8 Aralık 2009 Salı

zaman

kucağına bıraktığım tüm körpe hayallerimi kendi lağımlarına atan yasak bir aşkın annesiydi zaman.. geçip gitti. ne geçmişinden hatırlayıp da mutlu olabileceğim bir anı kaldı zihnimde ne de geleceğine yıldız gözlerimle bakıp da huzurlu olabileceğim bir dilimi..

şimdi mi?

şimdi diye bir şey yok.. hiç olmadı. ve olmayacak da.. yetişemiyorum zira şimdiye. yetişip de sırtına binemiyorum. ensesinden yakaladığım gibi altıma basamıyorum.. vahşi bir atın yanına yaklaşır gibi, yanına yaklaşıp, sakinleşmesini bekleyemiyorum.. eğersiz bir at zaman.. sonsuzluk çayırlarında son sürat koşan. yetmiyor dalağım. ve ben patlıyorum ardısıra koşmaktan.. bir mağaranın kovuğunda saklanmak istediğimde ay doğmuyor. güneşin doğmasına ise en aşağı 12 saat var..

zaman alıp götürüyor. her şeyi.. en çok da geleceği. geçmiş, yasak aşkın meyvesi bir piç gibi hayatımın en karanlık köşesinde. öylece duruyor..
oysa tanrı'nın diğer adı aşktı hani. ben o geçmişi bir aşka gitmek için oluşturdum. serdim yollara. kırmızı bir halı değildi belki. fakat bileklerimdeki kanla aynı renkti zaman.. gözlerimdeki kanla.. ben zamanla yaşıttım. benden başladı.. isa yoktu.. hicret yoktu.. ben kendimi germiştim hayali bir haça.. ben hicret etmiştim sonsuzluğa..
benden öncesi ve benden sonrası vardı.. fakat ben yoktum...

tarih bölümünü bitirdiğim gece zil-zurna sarhoş olup da kafamı gökyüzüne dikip, bağırdım; "tarih benim, yaşlanıyorum!.."

zaman bendim. akıp gidiyordum.. arada bir tıkansam da. aslında arada bir de değil. hep tıkansam da zaman bendim. tersten okunuşum hiçbir şeyi çağrıştırmıyordu..
komplo manyağı zeki adamlar umrumda değildi. ilgi manyağı kadınların yüzlerine bakmayıp da protesto ediyordum kendilerini. ibadet etmeyip de tanrı'yı protesto ettiğim gibi..
ben buydum işte. avuçlarımı açıp da içerisine düşecek üç-beş bozukluk için kimin rızası uğruna insanlardan para dileneceğini bilemeyen bir adam..
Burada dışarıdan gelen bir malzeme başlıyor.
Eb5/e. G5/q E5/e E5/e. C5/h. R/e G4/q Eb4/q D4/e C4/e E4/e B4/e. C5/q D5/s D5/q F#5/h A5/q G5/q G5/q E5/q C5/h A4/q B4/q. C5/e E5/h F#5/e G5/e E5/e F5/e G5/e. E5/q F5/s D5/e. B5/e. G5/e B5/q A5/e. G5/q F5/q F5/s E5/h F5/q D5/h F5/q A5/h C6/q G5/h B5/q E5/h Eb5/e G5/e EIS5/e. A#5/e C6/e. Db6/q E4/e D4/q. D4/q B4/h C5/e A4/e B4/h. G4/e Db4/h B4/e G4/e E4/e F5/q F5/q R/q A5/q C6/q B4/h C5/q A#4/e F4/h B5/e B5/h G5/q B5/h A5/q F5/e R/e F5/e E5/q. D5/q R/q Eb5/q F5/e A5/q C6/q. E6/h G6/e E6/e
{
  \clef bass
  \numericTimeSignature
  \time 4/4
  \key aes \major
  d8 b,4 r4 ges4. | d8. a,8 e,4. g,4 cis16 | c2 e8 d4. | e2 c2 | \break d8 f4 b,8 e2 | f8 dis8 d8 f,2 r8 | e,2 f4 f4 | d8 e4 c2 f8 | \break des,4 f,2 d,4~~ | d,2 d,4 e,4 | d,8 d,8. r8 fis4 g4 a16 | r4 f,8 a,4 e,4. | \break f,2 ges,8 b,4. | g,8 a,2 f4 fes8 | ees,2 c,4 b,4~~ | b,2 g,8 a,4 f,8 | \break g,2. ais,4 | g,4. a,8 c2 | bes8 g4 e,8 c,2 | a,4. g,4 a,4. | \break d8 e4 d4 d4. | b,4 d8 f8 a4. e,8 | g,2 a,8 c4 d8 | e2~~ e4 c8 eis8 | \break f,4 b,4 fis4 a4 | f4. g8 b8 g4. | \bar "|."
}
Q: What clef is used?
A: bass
ben buydum işte. insanların, her şeyi zamanın sırtına bindirdikleri bir zaman diliminde her şeyi zamanın boğazından söküp çıkaran, kollarını sonuna kadar zamanın ağzına sokan bir deli..
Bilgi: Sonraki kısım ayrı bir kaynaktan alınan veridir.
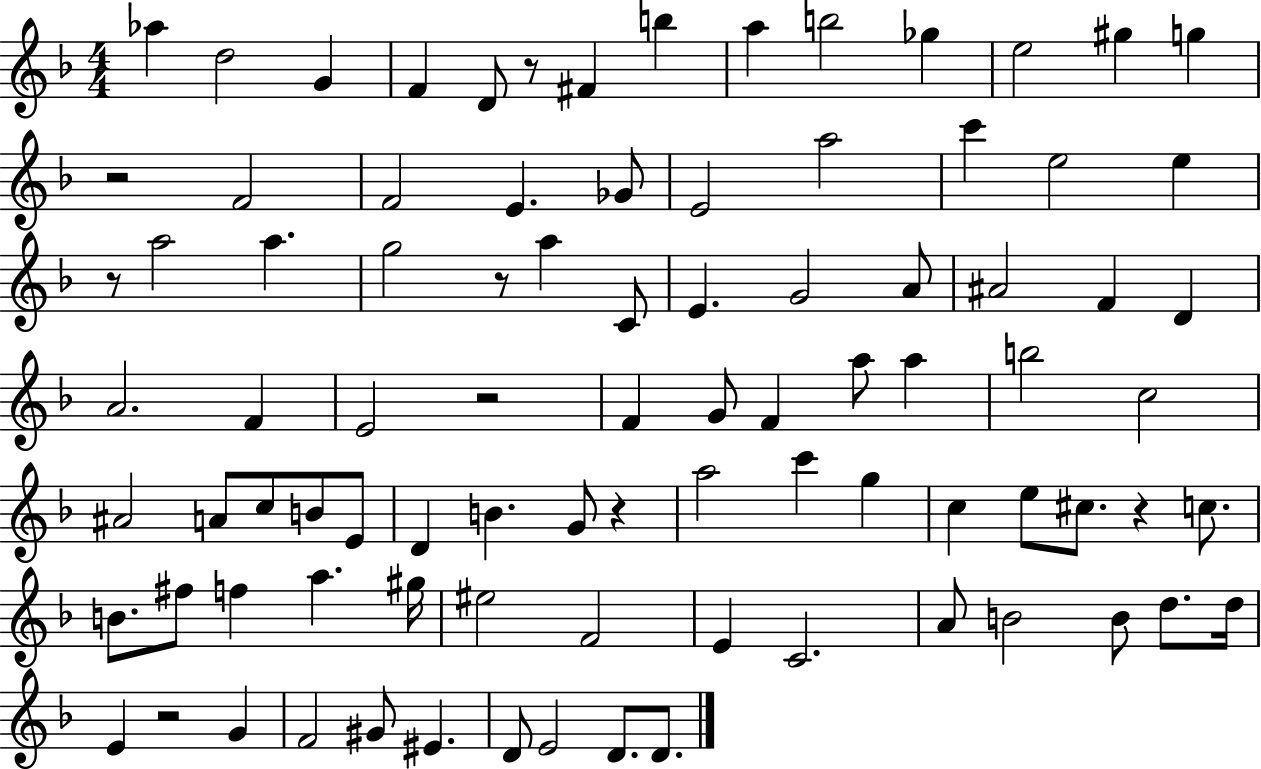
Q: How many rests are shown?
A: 8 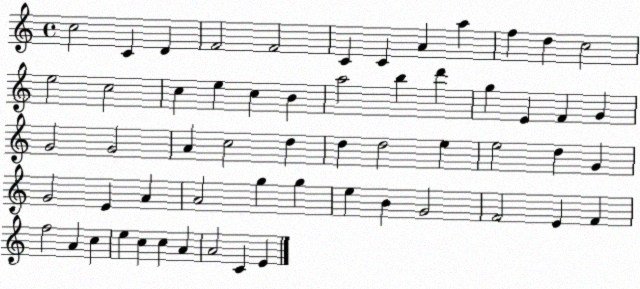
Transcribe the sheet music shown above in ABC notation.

X:1
T:Untitled
M:4/4
L:1/4
K:C
c2 C D F2 F2 C C A a f d c2 e2 c2 c e c B a2 b d' g E F G G2 G2 A c2 d d d2 e e2 d G G2 E A A2 g g e B G2 F2 E F f2 A c e c c A A2 C E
ayetlerim vardı peygamberleriğimin ilk yıllarında. kimse inanmayacınca çiğnedim her birini. yuttum.. mucize istedi benden herkes. ben de tanrı'ma baktım.. o geç kaldı. ya da görmedi.. ben, mucizesi olmayan bir peygfamber gibi dönüp geri geldim..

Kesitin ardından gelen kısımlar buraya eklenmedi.